I fully understand and respect they need restrictions on how you can use your subscription (or any of their offerings). My issue is not there there _are_ restrictions but that the restrictions themselves are unclear which leads to people being unsure where the line is (that they are trying not to cross).
Put simply: At what point is `claude -p` usage not allowed on a subscription:
- Running `claude -p` from the CLI?
- Running `claude -p` on a Cron?
- Running `claude -p` as a response to some external event? (GH action, webhook, etc?)
- Running `claude -p` when I receive a Telegram/Discord/etc message (from myself)?
Different people will draw the line in different places and Anthropic is not forthcoming about what is or is not allowed. Essentially, there is a spectrum between "Running claude by hand on the command line" and "OpenClaw" [0] and we don't know where they draw the line. Because of that, and because the banning process is draconian and final with no appeals, it leads to a lot of frustration.
[0] I do not use OpenClaw nor am I arguing it should be allowed on the subscription. It would be nice if it was but I'm not saying it should be. I'm just saying that OpenClaw clearly is _not_ allowed but `claude -p` wouldn't be usable at all with a subscription if it was completely banned so what can it (safely) be used for?
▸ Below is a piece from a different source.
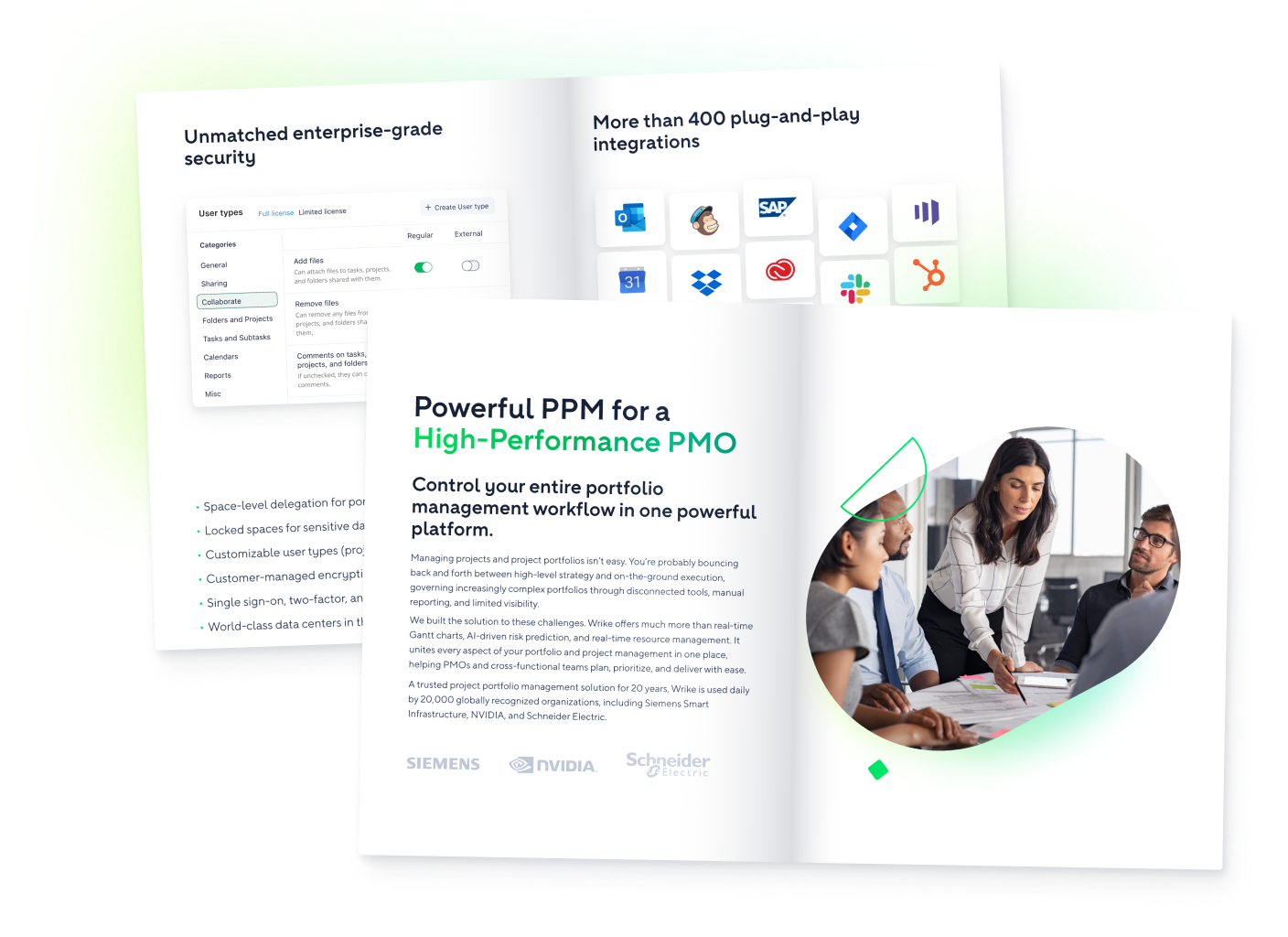 Powerful PPM dashboard on laptop with project management metrics and charts.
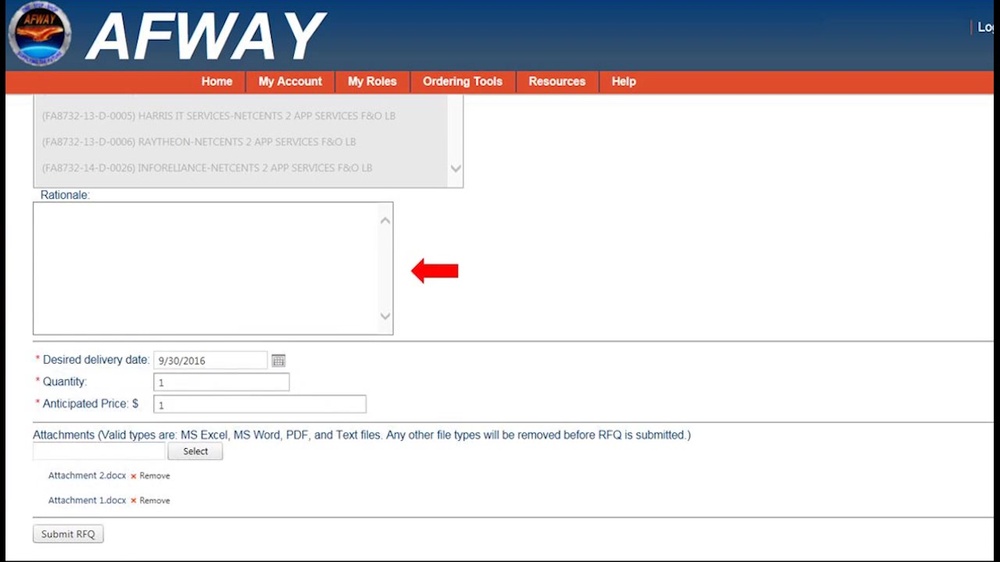 DVIDS - Video - How to submit an RFQ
Not just that, but there’s really no way to come to an objective consensus of how well the model is performing in the first place. See: literally every thread discussing a Claude outage or change of some kind. “Opus is absolutely incredible, it’s one shotting work that would take me months” immediately followed by “no it’s totally nerfed now, it can’t even implement bubble sort for me.”
Suuuuuuure it was.
That said, I had way better experiences with old (but contemporary) Apple hardware than any other kind of old hardware.